It’s become a customary and traditional habit among online writers at this time of the year. They’ll be reviewing the highlights and lowlights of the past cataclysmic year. Or they’ll be waxing lyrical about joyful repasts which came and went quicker than you could sneeze. They also love talking about other people, prominent men and women mainly, who made headlines for all the right and wrong reasons. It’s not been a customary habit of mine, but I thought that this time I would add my own voice to this annual tradition. Where I come from, not much has been said about this woman.

But, indeed, she is spoken of and written about on a regular basis in other parts of the world. I’ll say this upfront, she has for many years been for me one of my most admired women. Her life has historically been a difficult one and in actual fact began as a child following in her father’s giant footsteps. For some years, she travelled to parts of the world with her mother, so also led a nomadic existence. By the time she was ready for college, she had, like me, developed an enduring love for books.

Now, particularly if she should win re-election as German Chancellor, I wonder if it would be premature to suggest that this humane German woman will at least be nominated for the Noble Prize for Peace towards the end of this year. On the European continent, no other leader has risked his or her political reputation as much as Angela Merkel has done. Her motives being quite pertinent in light of Germany’s history in the previous century, Angela Merkel remains at the forefront of helping as many Syrian refugees as possible, leaving most of her peers to shame.

In fact, one of the worlds’s leading current affairs magazines named Merkel as Person of the Year for 2015. But small mention has been made throughout the last few months to Myanmar’s (formerly Burma) likely first democratically-elected president, Aung San Suu Kyi. A spurious piece of legislation from the tiny Southeast Asian country’s military dictatorship, designed to oppress and hold on to power through corrupt means, currently prevents the Nobel Peace Prize laureate from acceding to her throne, something that Myanmar’s multicultural electorate could well be looking forward to later in the year.

Also, in previous years, Aung San Suu Kyi never aspired to such a lofty leadership position. Given the country’s long association with brutally oppressive rule and within the current global context, she may feel compelled to follow in Nelson Mandela’s footsteps and lead a transitory and unitary government. This won’t be an impossible feat and the country’s constitution (given the National League for Democracy’s overwhelming parliamentary majority) could be amended to usher in the country’s (now) elder stateswoman as its first democratically-elected leader after many years of military rule.

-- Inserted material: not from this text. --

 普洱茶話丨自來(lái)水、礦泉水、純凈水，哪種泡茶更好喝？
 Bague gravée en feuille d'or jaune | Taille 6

There are increasing signs that Aung San Suu Kyi is willing to finally follow in her father’s footsteps and build on the foundations he laid for Burma before he was assassinated. When you consider the precarious state of geopolitics today, particularly in the Middle East and Southeast Asia (with China watching over its shoulders) Aung San Suu Kyi is a necessary official participant on the global stage, not least in her own country. She has not departed from her liberating stance, but has emphasized a pragmatic approach to governing with the emphasis on empowering her people economically.

Burma’s once-incarcerated National League for Democracy leader and Nobel Peace Prize winner, Aung San Suu Kyi, is my woman of the year for both 2015 and 2016.